ツールキットのように便利なセットアイテムの中には、具体的にどのような工具が入っているのでしょうか。この章ではおすすめのアイテムをピックアップし、使用用途を詳しく紹介します。
ワイヤーストリッパーとは
電気工事士の資格試験でもお馴染みですが、電気工事の作業には圧着やハンダによる作業が頻繁に登場します。繊細な手つきで仕上げる必要がある工事ですが、端子などを取り付ける際にはケーブルの絶縁部分を丁寧にカットする作業があります。この作業で活躍してくれる工具が、ワイヤーストリップです。ワイヤーストリップはカットしやすいペンチのような形状となっており、銅などをカットするパワーもあります。
ドライバーとは
こちらは市販されているドライバーも多いため、どのような形状が脳裏に浮かぶ方も多いでしょう。ドライバーは電気工事の作業でも頻繁に登場するツールですが、先に触れたように電気工事のプロが使用するものは絶縁加工がしてあるため、通称・絶縁ドライバーとも呼びます。ねじのデザイン別に販売されており、古典的なアイテムであるものの現在でも必須のベスト工具です。一般的なマイナス・プラスのドライバーも絶縁加工がなされたものとして販売されています。
振動ドリルとは
電気工事には建築現場でもお馴染みのドリルも登場します。電気工事に使う振動ドリルとは、下孔を開ける際に必須のアイテムとして知られています。ハンマードリルと呼ばれるものも活躍しているのですが、繊細に穴をあける必要があるときは、振動ドリルによって穴をあけています。
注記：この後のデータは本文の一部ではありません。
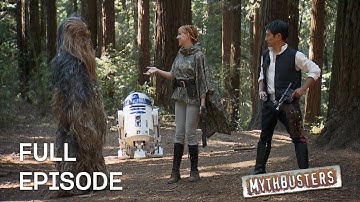 Star Wars Myths! | MythBusters | Season 9 Episode 28 | Full Episode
大理石などの繊細で高価なアイテムにも慎重な作業を行うときに、重宝されているパワフルな工具です。
電気工事で工具を選ぶ際の注意点とは
電気工事では多くの工具を揃える必要があるため、費用を気にしながら購入を踏み切る方も多いでしょう。では、実際に電気工事で工具を選ぶ際には、どのような注意点があるでしょうか。この章では5つの注意点を紹介します。
1.中古製品選びは慎重に
電気工事の工具は中古市場も活発であり、中古品でひと揃えすることも可能です。しかし、中古品は新品と比較すると劣化していることも多いため、慎重に選ぶ必要があります。工具の損傷の確認を行い、ひび割れや変形、錆などの損傷がないかを注意深く確認します。特に絶縁部分やハンドルの状態を確認し、絶縁が損なわれていないかを確認しましょう。
2.機能を確認しよう
ひと言でドライバーと言っても実に多くのドライバーがあるため、実際に工具を購入する際には機能を確認することがおすすめです。自分の求める効果と購入する工具のスペックが異なっていないか、判断してください。電動工具や計測器など、機能を持つ工具は、購入前にその機能が正常に作動するかも含めて、慎重に確認します。スイッチの動作や各機能の動作確認を行い、不具合や異音がないかを確認しましょう。
3.製造メーカーと製造年の確認
購入する工具の製造メーカーと製造年を確認しましょう。信頼性のあるメーカー製の工具は、一般的に品質が高い傾向があります。また、製造年がわかれば、工具の耐用年数や使用歴を把握しやすくなります。
4.安全規格への適合確認
電気工事で使用される工具は、絶縁加工の有無をクリアしている必要があり、手軽に購入できる市販製品とは異なります。感電リスクを確実に避けるために安全規格を満たす必要があります。特に中古の工具を購入する際には、その工具が該当の規格に適合しているかを確認しましょう。安全性が確保されていることは非常に重要です。
5.ネット購入先の信頼性を確認
中古の工具を購入する場合、信頼性のある販売先を選ぶことも重要です。中古市場では品質や正確な情報が不確かな場合もありますので、実績のある販売業者や信頼できるオンライン販売を選ぶと良いでしょう。
まとめ
この記事では電気工事で使用する工具について、有名なアイテムや工具の選び方を詳しく解説しました。電気工事に使う工具は一般の方向けのアイテムとは異なり、絶縁加工も必要であるため慎重に判断する必要があります。工具1つで大きなトラブルに、という事態を避けるためにも、慎重に購入しましょう。